**WHAT NEEDS TO BE DONE:** Lines from the beginning of the material below through the line that has "Other than that, we" are to be reproduced exactly, but pictures are not.

**DATASET RECORDS:**
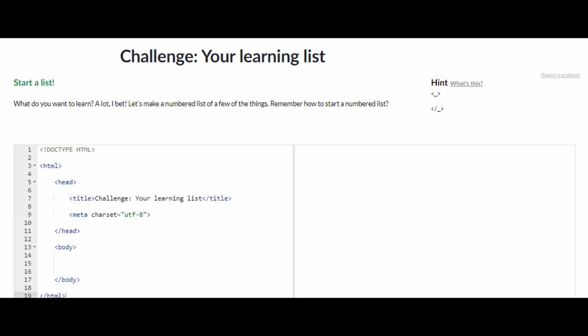Hey guys, welcome back to my channel. In today's video I'm going to be doing the Challenge Your Learning List on Khan Academy computer programming HTML. I know that I usually do JavaScript, but today I decided to mix it up and do HTML instead because I know that some people need help with their HTML too.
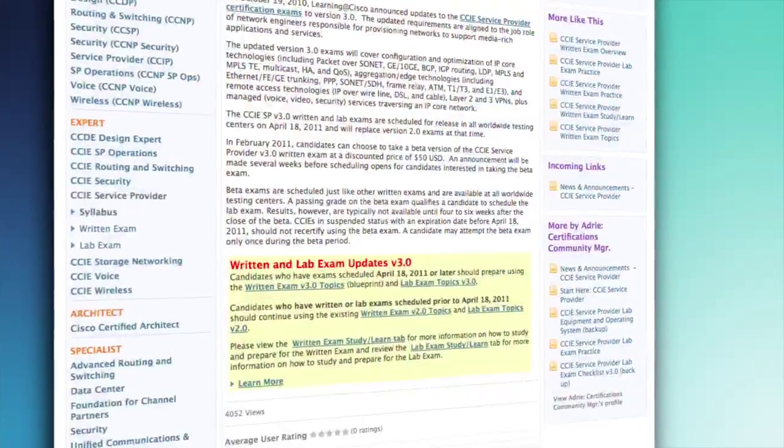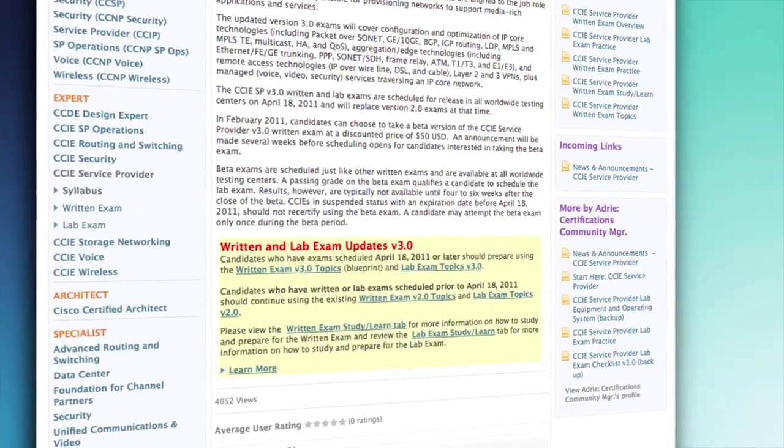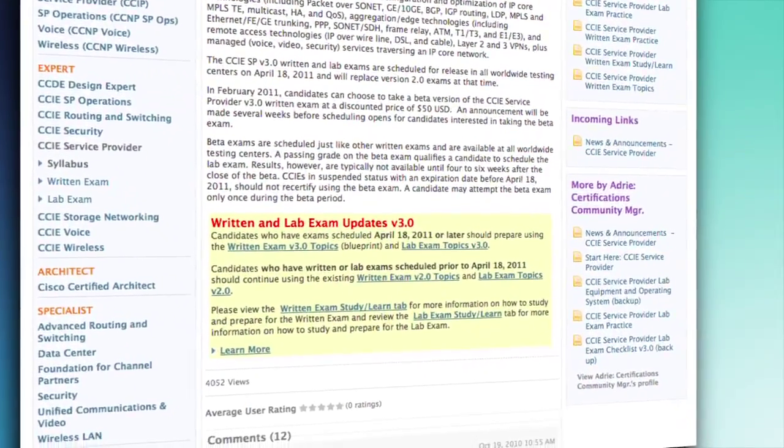The new version 3.0 focuses on the configuration and troubleshooting skills required to provision a network to support media-rich applications and services. The exams are scheduled for release April 18th,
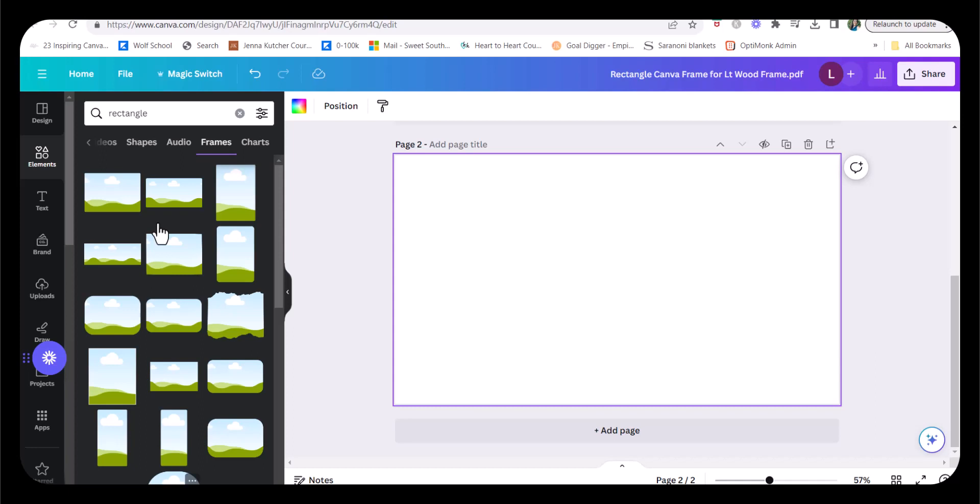I personally use these frames to create mock-ups from AI images that I can then sell on Etsy. If you want to learn more about that, there will be additional videos linked below, but I'm just going to show you how you can create your own frames.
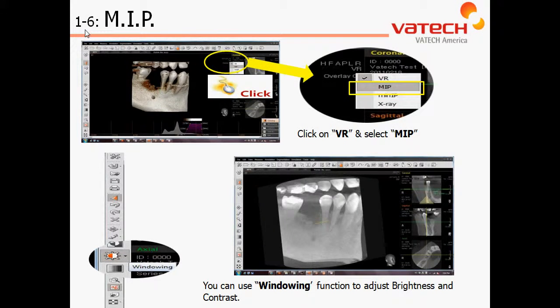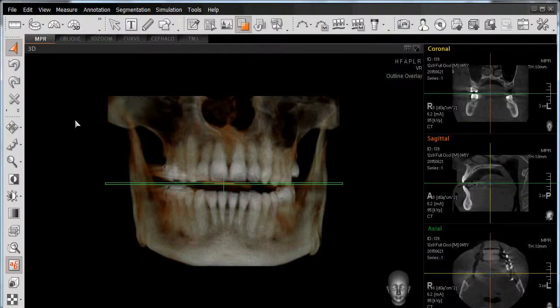Chapter 1, Section 6: Maximum Intensity Projection, or MIP View. To demonstrate the functionality of the Maximum Intensity Projection, or MIP, we'll continue working with our 3D rendering.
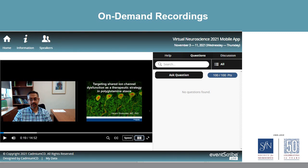Next you see an example of an on-demand recording. On-demand recordings will display differently depending on how each presenter chose to record. This example shows a video that was recorded within the virtual event platform. Presentations recorded this way will allow attendees to change the presentation view — for example, you could enlarge or minimize the slides if you wanted the media feeds to appear differently.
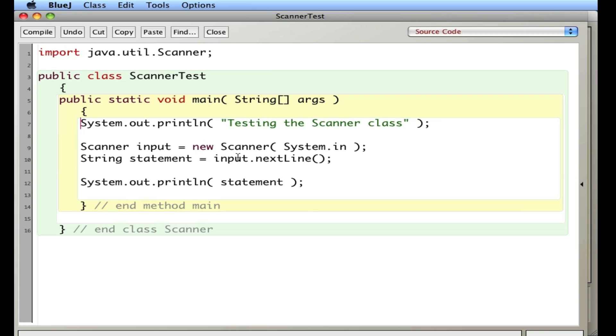Other than that, we get the next line, and we can print out the statement. And in future videos, I'll talk about some of the other things you can do with strings, like getting the length and sub-strings and trimming the text and whatnot.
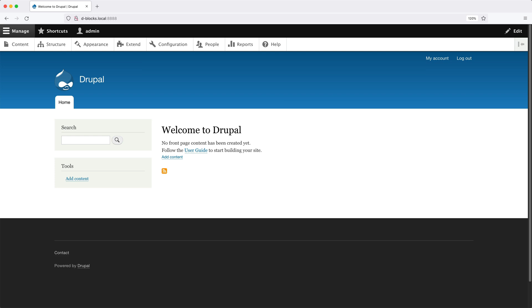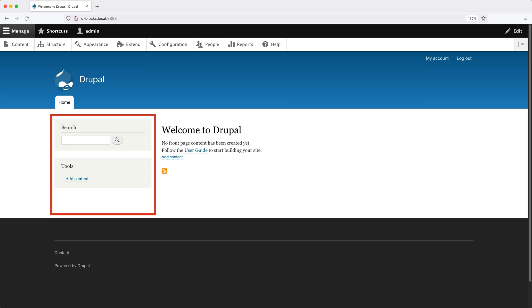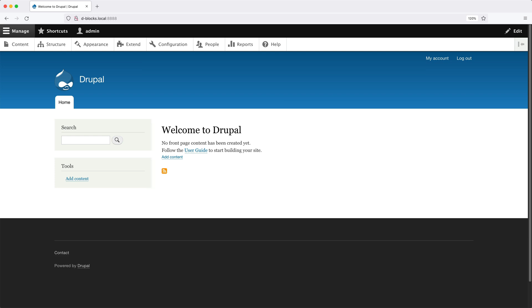So every theme will have a different set of regions. The site branding block, which I mentioned earlier, is in the header region. The main navigation is in the primary menu region. The blocks in the sidebar are in a region called sidebar first. And the footer menu and powered by Drupal are both in a footer region.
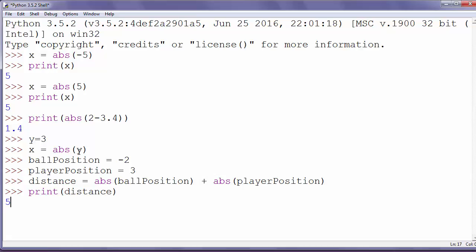So, the distance between player and ball equals 5.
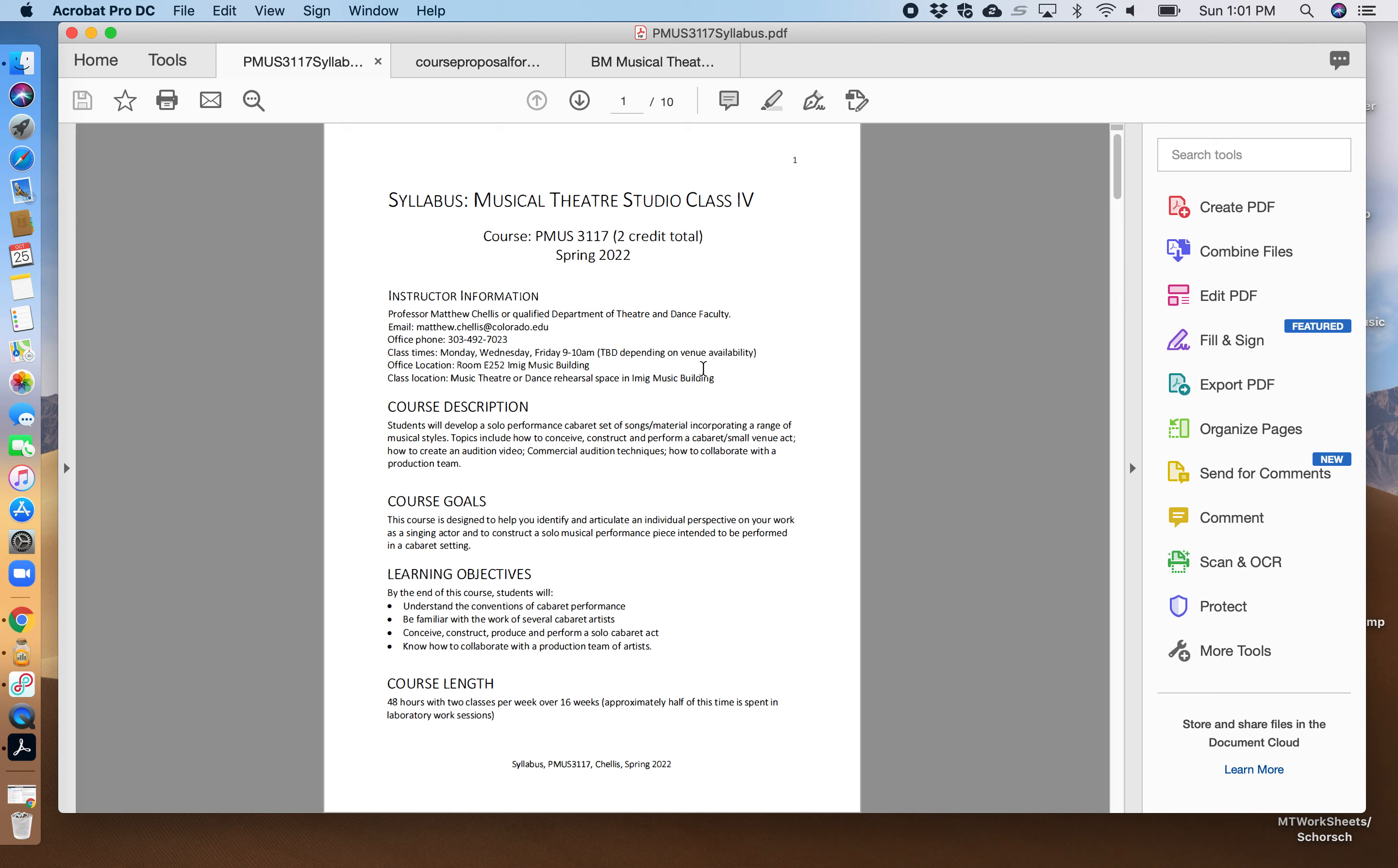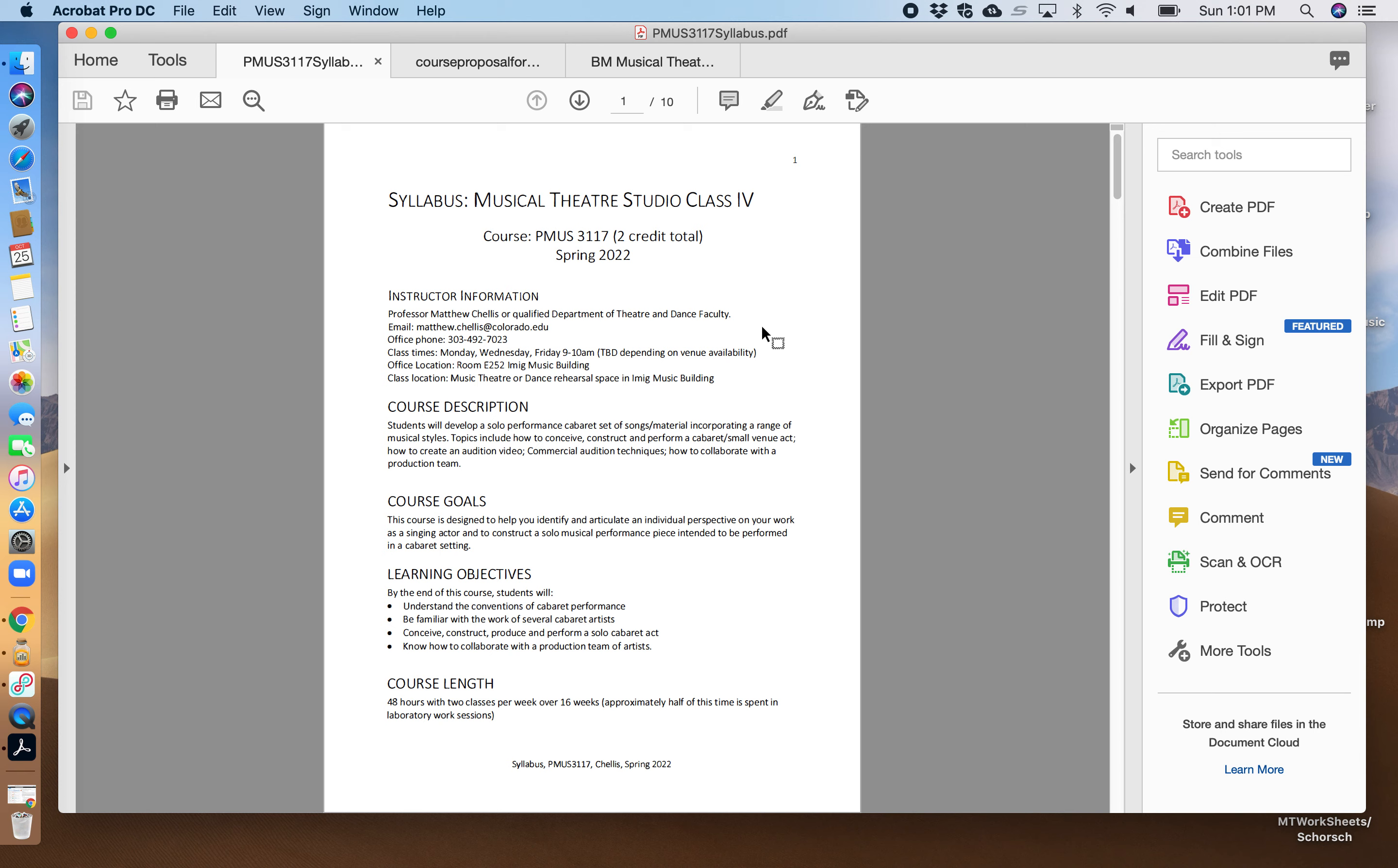This one is a very important continuation in helping students design their own cabaret performance. With songs and material incorporating a range of musical styles, we're going to teach them how to conceive it, construct it, perform with other musicians, and also now in this day and age to video it, to be able to stream it and do it in a different format rather than live.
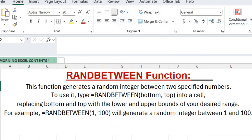The RANDBETWEEN function generates a random integer between two specified numbers. To use it, type equals RANDBETWEEN bottom, top into a cell, replacing bottom and top with the lower and upper bounds of your desired range.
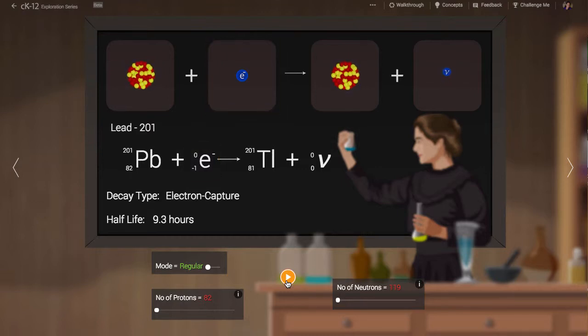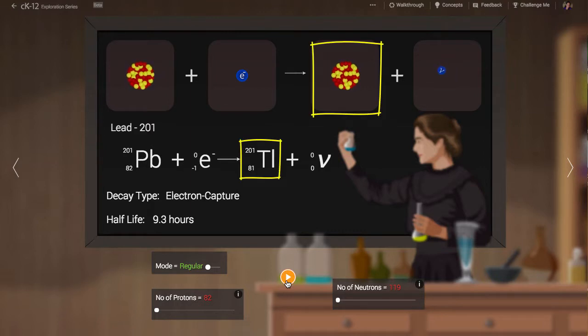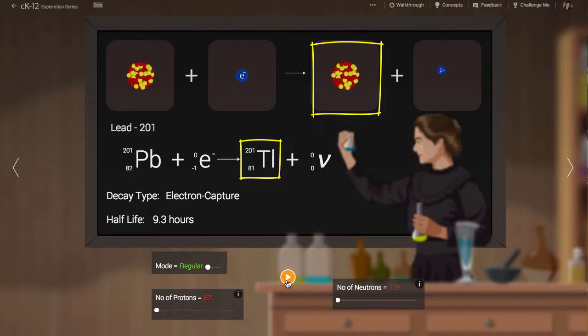The nucleus as a result has one more neutron and one less proton. So it has the same atomic weight, 201, but now has a lower atomic number, just 81. It is now thallium.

**EXERCISE ANSWER:**
Hey guys, welcome back to my channel. In today's video I'm going to be doing the Challenge Your Learning List on Khan Academy computer programming HTML. I know that I usually do JavaScript, but today I decided to mix it up and do HTML instead because I know that some people need help with their HTML too.
The new version 3.0 focuses on the configuration and troubleshooting skills required to provision a network to support media-rich applications and services. The exams are scheduled for release April 18th,
I personally use these frames to create mock-ups from AI images that I can then sell on Etsy. If you want to learn more about that, there will be additional videos linked below, but I'm just going to show you how you can create your own frames.
Chapter 1, Section 6: Maximum Intensity Projection, or MIP View. To demonstrate the functionality of the Maximum Intensity Projection, or MIP, we'll continue working with our 3D rendering.
Next you see an example of an on-demand recording. On-demand recordings will display differently depending on how each presenter chose to record. This example shows a video that was recorded within the virtual event platform. Presentations recorded this way will allow attendees to change the presentation view — for example, you could enlarge or minimize the slides if you wanted the media feeds to appear differently.
Other than that, we get the next line, and we can print out the statement. And in future videos, I'll talk about some of the other things you can do with strings, like getting the length and sub-strings and trimming the text and whatnot.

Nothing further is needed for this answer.